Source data
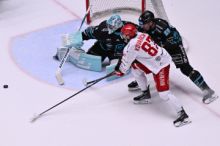 Třinec se může stát prvním finalistou extraligy, v Pardubicích půjde o mečbol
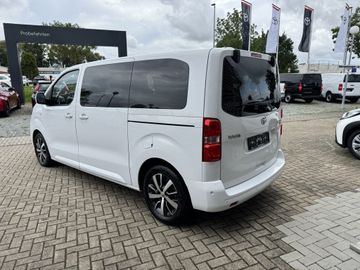 Toyota Proace (Verso) - 2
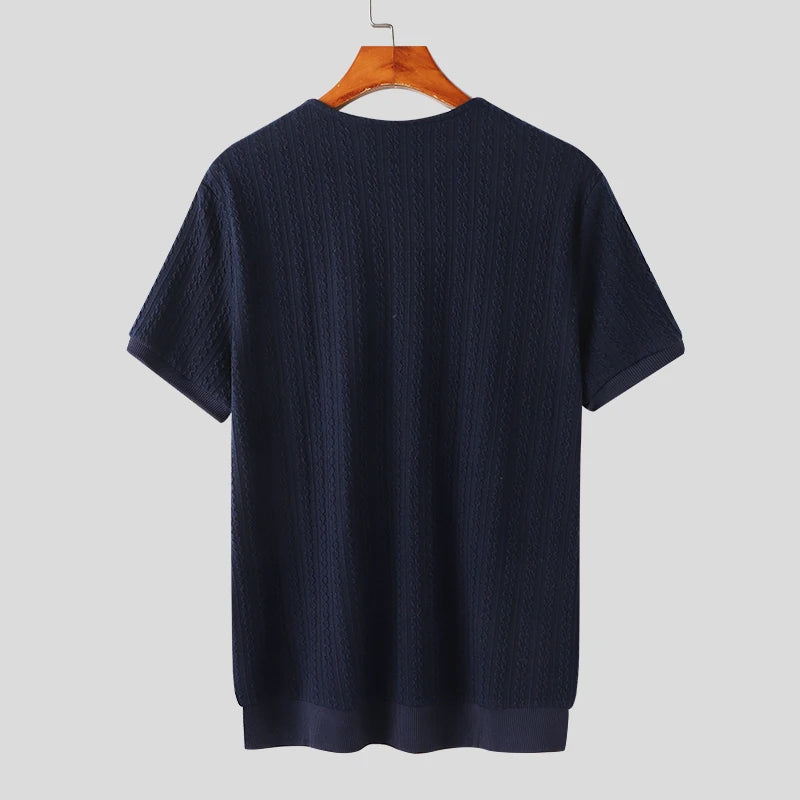 Camisa casual Vieni a Vedere 6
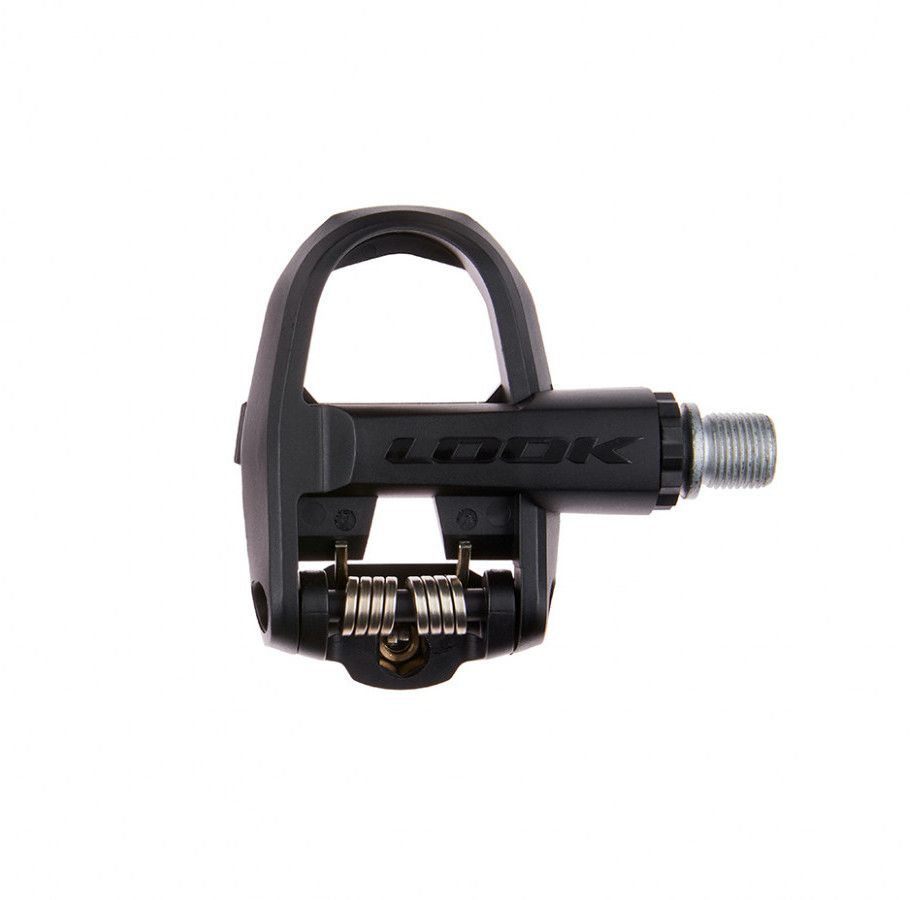 keo classic 3 pedals Look Pedals Keo Classic 3 Plus Black – 99bikes.co.nz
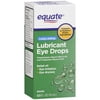 Equate Eq Eye Drops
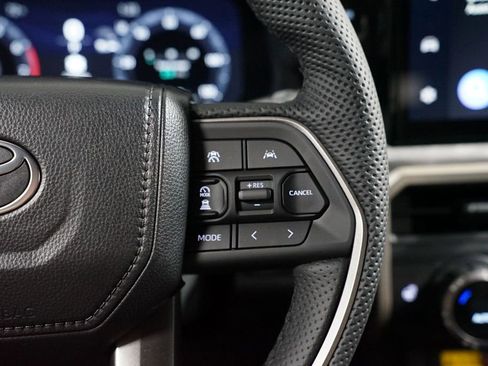 New 2026 Toyota Tacoma 4x4 Double Cab Hybrid image 17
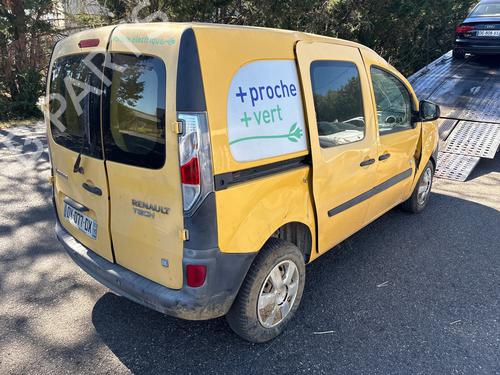 Engine RENAULT KANGOO Express (FW0/1_) Z.E. (FW0Z, FW1Z) | BP39979580M1 - Image 10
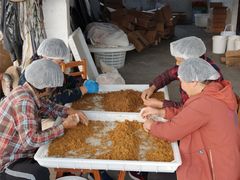 -苏州市吴中区光福窑上花果蜜饯厂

### Task requirements
Copy the entries exactly. Leave out the images.

### Task answer
 Třinec se může stát prvním finalistou extraligy, v Pardubicích půjde o mečbol
 Toyota Proace (Verso) - 2
 Camisa casual Vieni a Vedere 6
 keo classic 3 pedals Look Pedals Keo Classic 3 Plus Black – 99bikes.co.nz
 Equate Eq Eye Drops
 New 2026 Toyota Tacoma 4x4 Double Cab Hybrid image 17
 Engine RENAULT KANGOO Express (FW0/1_) Z.E. (FW0Z, FW1Z) | BP39979580M1 - Image 10
 -苏州市吴中区光福窑上花果蜜饯厂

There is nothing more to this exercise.